A exposição segue atravessando o período Greco-Romano: quando Alexandre invadiu o Egipto, em 332 a.C., o Egipto tornou-se parte da civilização helénica, tendo depois caído sob o domínio de Ptolomeu I, um dos mais proeminentes líderes de Alexandre. O reino ptolomaico independente do Egipto durou de 305 a.C. até à invasão romana em 30 a.C. Este período testemunhou muitas mudanças culturais, com destaque para o facto de Alexandria ter sido fundada como capital do Egipto e através da sua biblioteca e museu rapidamente se ter tornado um centro universal de ciências, cultura e artes no Mediterrâneo. E a arquitectura floresceu e o Farol de Alexandria foi considerado uma das Sete Maravilhas da Antiguidade.
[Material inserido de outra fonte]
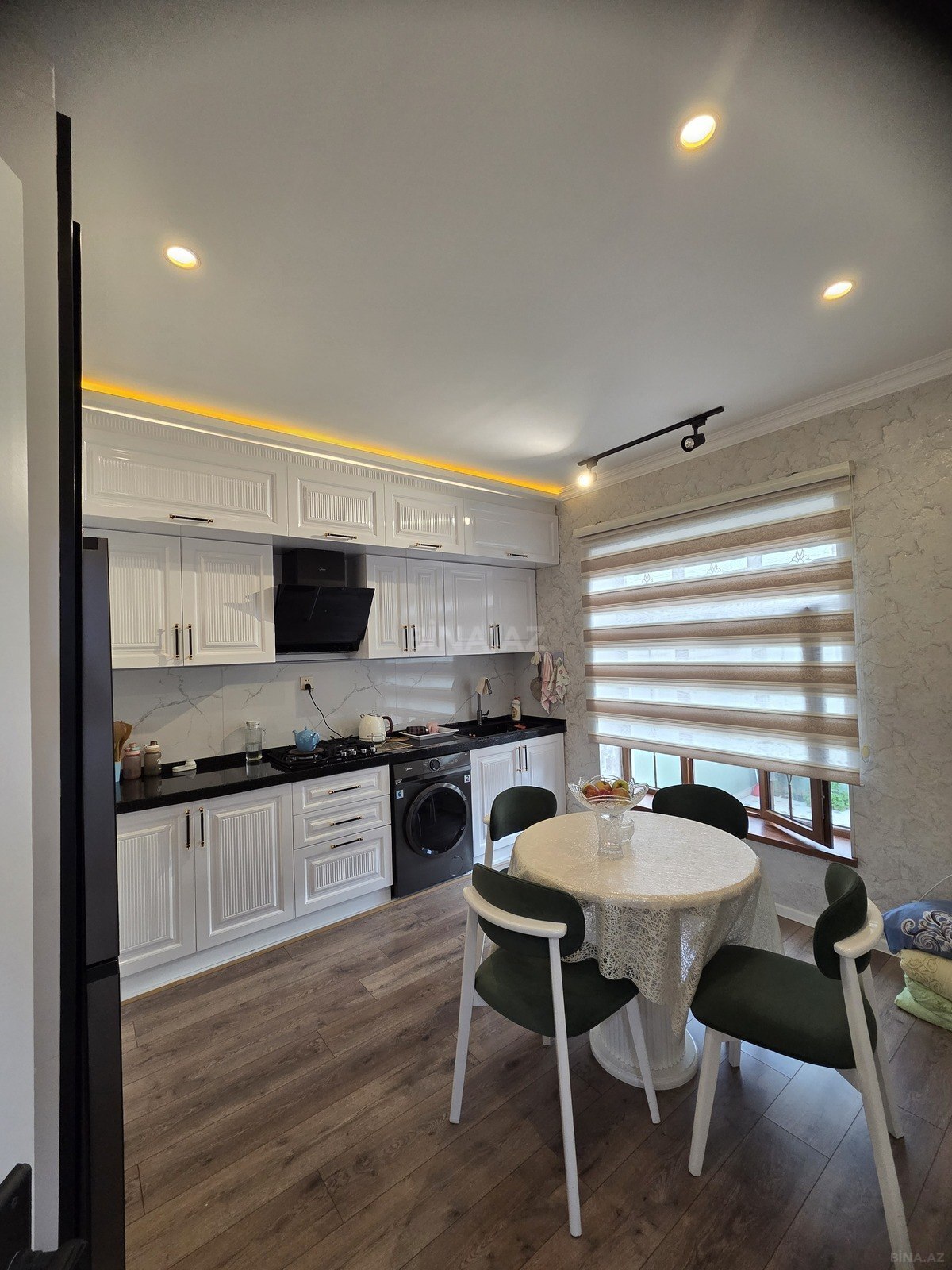 4 otaqlı Həyət evi/Bağ evi, Binə q., Bakı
Prossegue pelo período Copta, importante a nível religioso e artístico, e pelo período islâmico. O Egipto tornou-se um estado islâmico em 642, tendo a sua história atravessado diversos califados e dinastias, incluindo o sultanado Mameluco (1250-1517), o período otomano (1517-1805) e a dinastia de Muhammad Ali (1805-1952) até se tornar uma república em 1952. Há muito parte integrante da cultura islâmica, o Egipto é um dos mais importantes centros de ciência, literatura, arquitectura e artísticos do mundo islâmico. A pujança dos seus museus assim o confirmam.